◆ Your objective
Your copy should hold only the lines from the one with "Model in Pink" to the one with "This ad features", both included, each exactly as it stands below, with no pictures.

Short descriptive text snippets

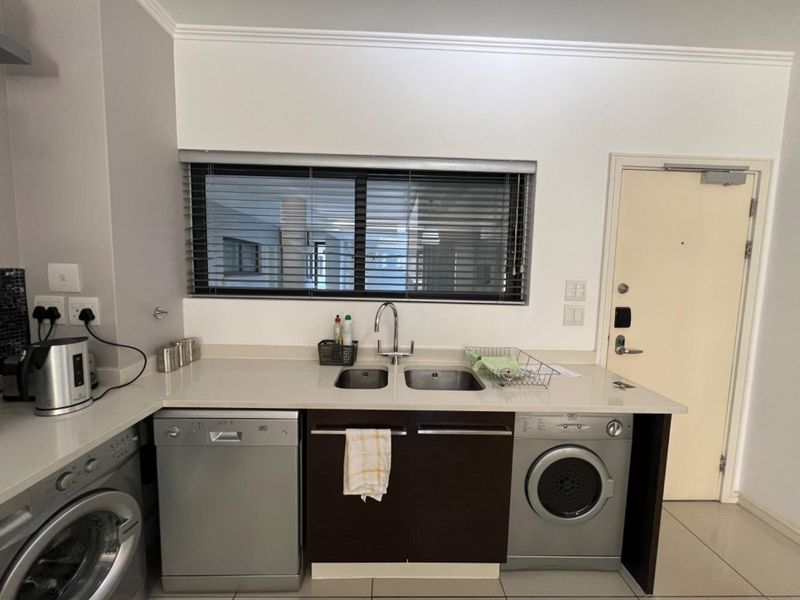 A functional kitchen area featuring dark wood cabinetry, stone countertops, a double stainless steel sink, and integrated laundry and dishwasher appliances.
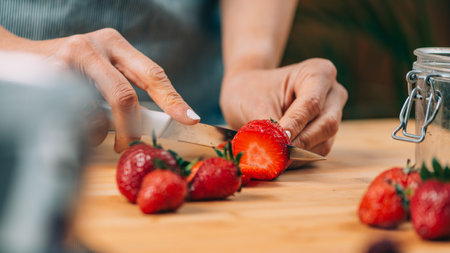 Fruit preservation at home. Woman preparing fruits for canning at home.の写真素材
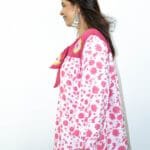 Model in Pink Bow-tie Printed Dress posing side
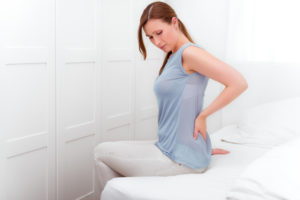 after sleep hurting back person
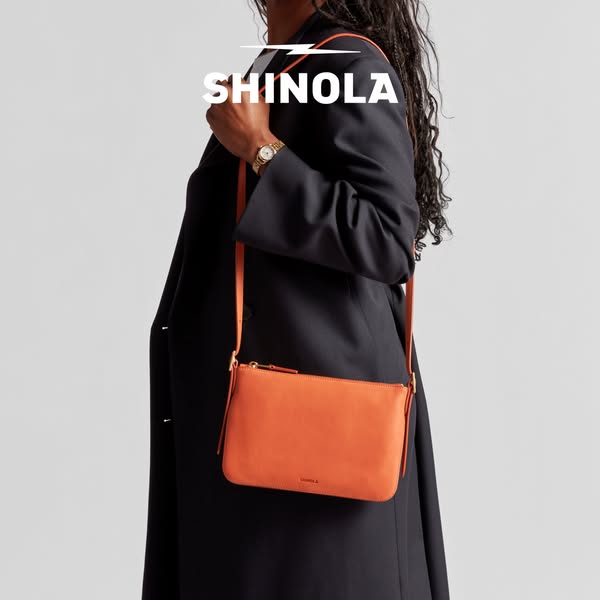 This ad features a woman modeling a Shinola leather crossbody bag. The ad focuses on the bag's stylish appearance an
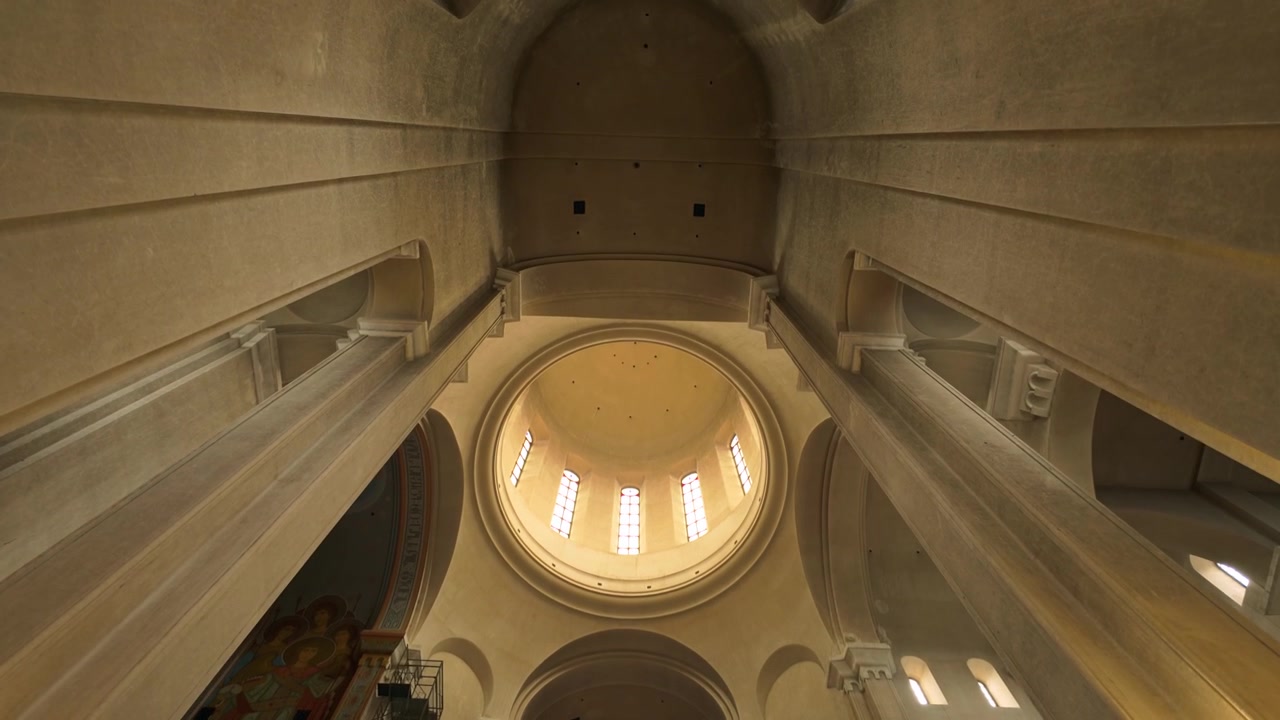 Grand interior view of the Holy Trinity Cathedral in Tbilisi, Georgia, looking up at its towering dome and massive supporting pillars. Displays intricate architectural design and scale.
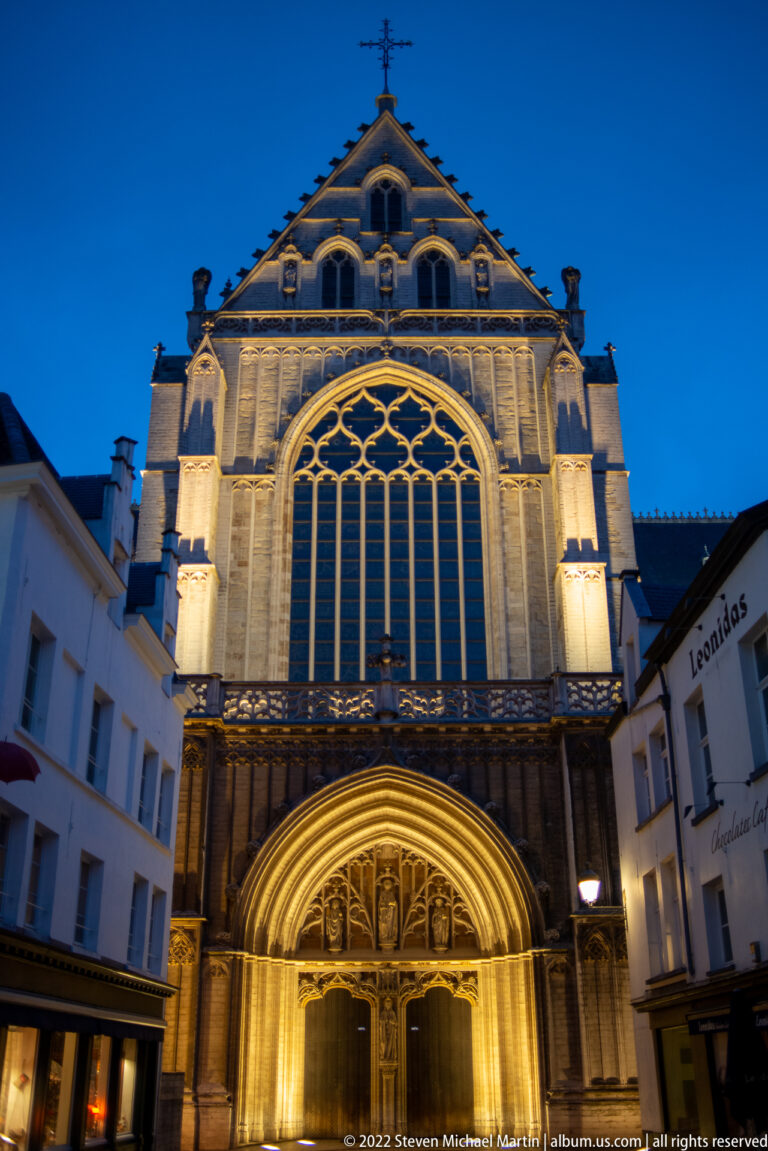 Illuminated Gothic church façade with a large traceried window and pointed-arch portal at blue hour.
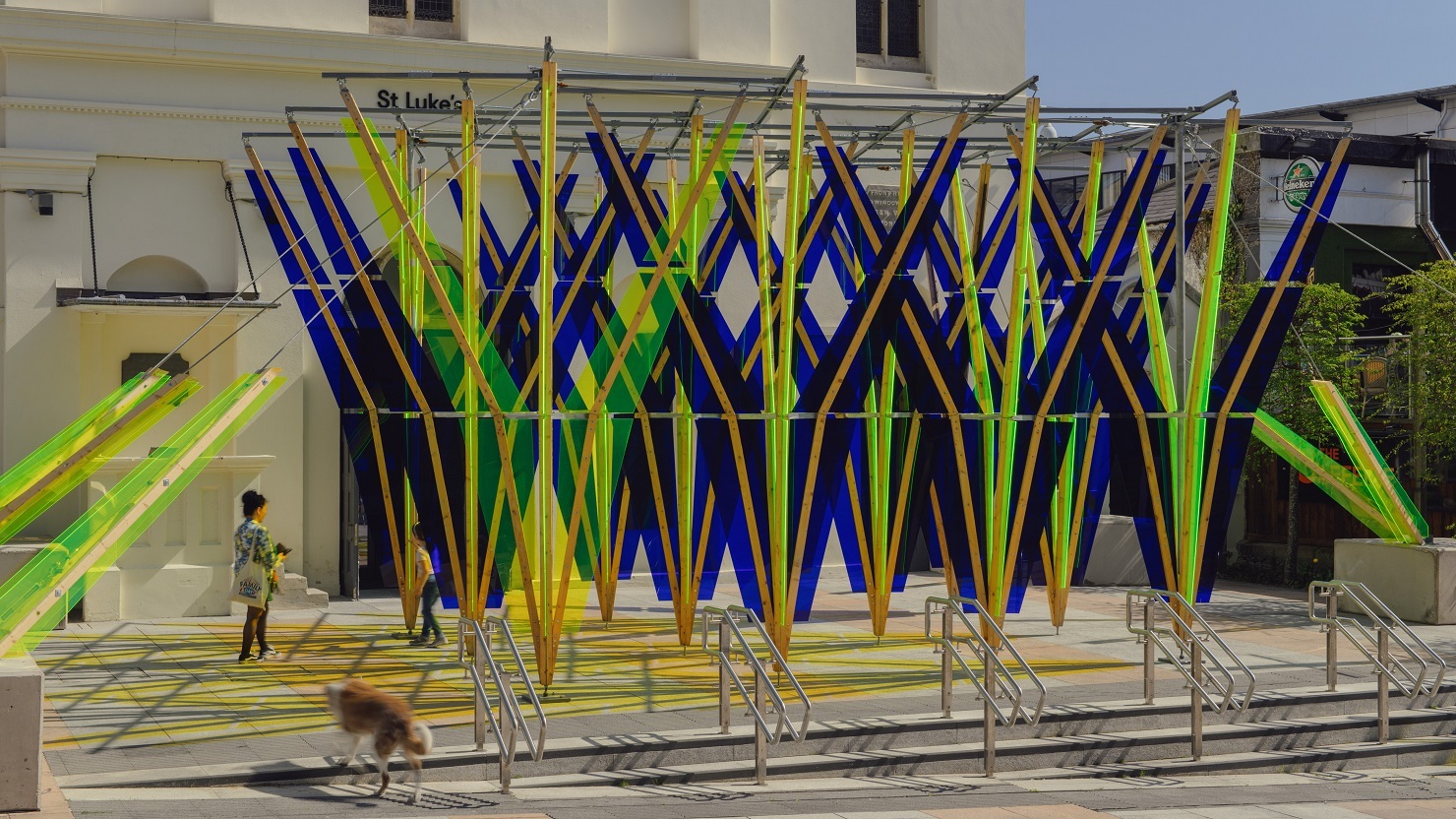 A yellow, green and blue public sculpture on display by artist Jyll Bradley
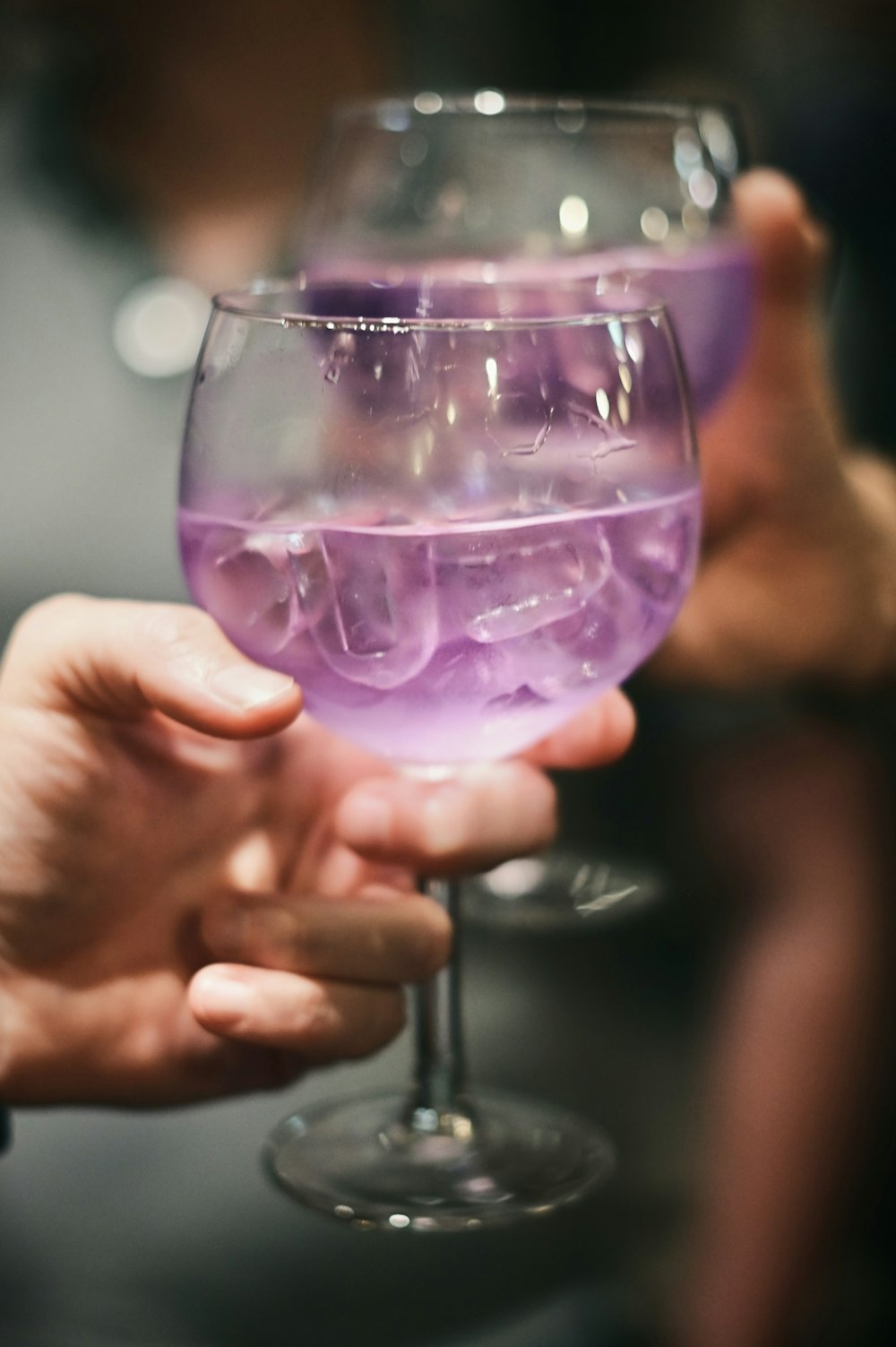 a person holding a glass of wine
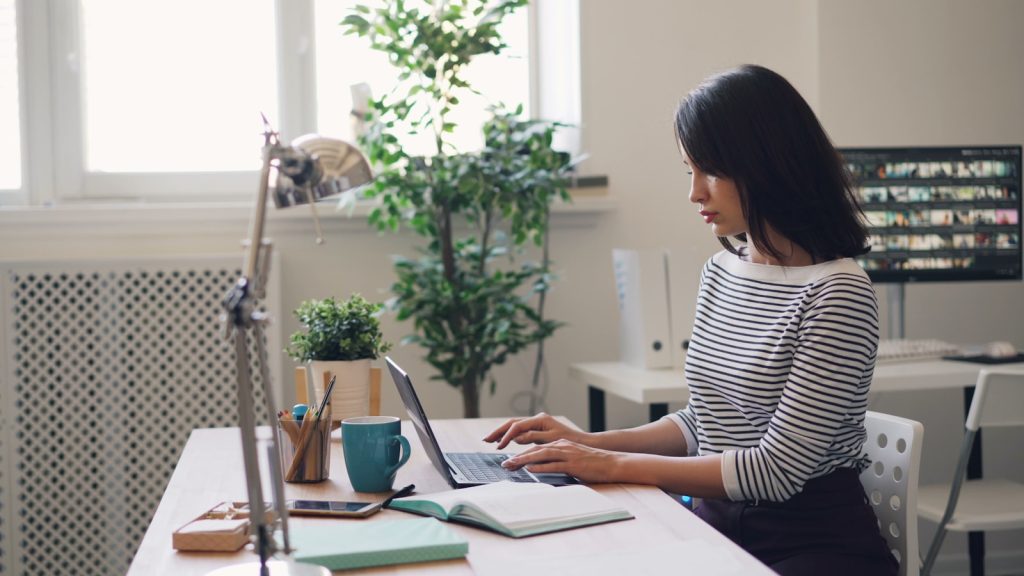 eine Frau, die an einem Schreibtisch sitzt und einen Laptop-Computer benutzt und die Jahresabschlussprüfung macht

◆ Written answer
 Model in Pink Bow-tie Printed Dress posing side
 after sleep hurting back person
 This ad features a woman modeling a Shinola leather crossbody bag. The ad focuses on the bag's stylish appearance an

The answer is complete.